Finally, while I generally finish my projects with 3-6 coats (especially with the Danish Oil above), one has to know that a pure traditionnal oil finish needs one year (after the first month, the coats are spaced out) to be fully completed. The final project should be totally saturated and no oil or any liquid will ever be absorbed by the wood.

Reactions: Like 1


----------



## ChrisK (Nov 12, 2013)

Hey Tomislav,
I've seen you already use Tung oil. Well, as we say here, I just pushed an open door... :oops:


----------



## Molokai (Nov 12, 2013)

Can you go little more in details. How do you saturate the wood completely?
I use tung oil but its not pure. I just bought 100 % pure tung oil from Liberon and micro crystalline wax.


----------



## ChrisK (Nov 12, 2013)

If I remember well what I've read some years ago (and practice only once) the principle is one coat every day the first week; one coat every other day the 2d week; one coat every 3 days for the 3d and 4th week; one coat every week from the 2d to 4th month; one coat every 15 days for a couple of months, and finally one coat every month to complete.
But every oil is different. The same for different wood species which may react differently. I'll open a thread on a French forum about walnut oil where a colleague, specializing in finishing techniques, agreed to provide some assistance.

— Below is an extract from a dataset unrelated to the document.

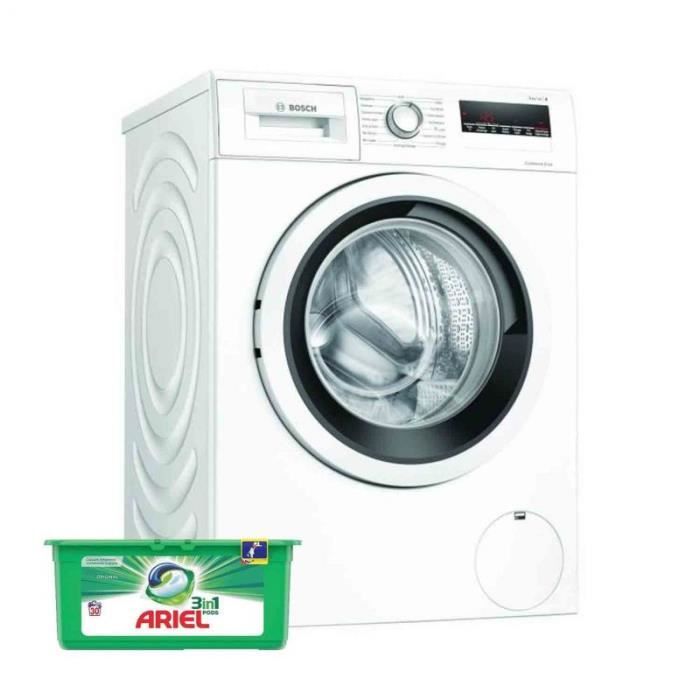 BOSCH Lavelinge frontal 8kg 1400trs/min Tambour 63L ActiveWater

As far as I understood he promotes the traditional way of finishing (that is the loooong way...) as far as oil finish is concerned. Of course I will transfer every meaningful info here.

Reactions: Like 1


----------



## Molokai (Dec 27, 2013)

So, can i save that tru-oil from throwing it away. Can i add some alcohol or something else to make it work again?
current condition is not drying at all...


----------



## Mike Jones (Dec 27, 2013)

Tom, nowhere in my literature can I find reference to using alcohol to thin an oil-based finish. In the UK, I see that they call *mineral SPIRITS "white spirits"*. Any of these solvents will work: turpentine, paint thinner (aka mineral spirits) kerosene, and naphtha. The "hot" solvents such as; lacquer thinner, acetone, and toluene will cut or lift an oil finish, even after it has dried or cured. NYwoodturner's suggestion for removing the problem Tru-Oil using acetone is a good idea. Small quantities of acetone can be found in cosmetics departments...sold as "fingernail polish remover". 

The oily wood species, need to have the surface oils cleaned before applying an oil or oil/varnish finish as the oils that are in the wood are non-drying oils and will retard the curing of the finish. Given that these woods are already saturated with their own oil, a buffing wheel charged with tripoli compound will produce a nice shine. Cocobolo will bleed red oil, however, and will discolor the hands if not over-coated. 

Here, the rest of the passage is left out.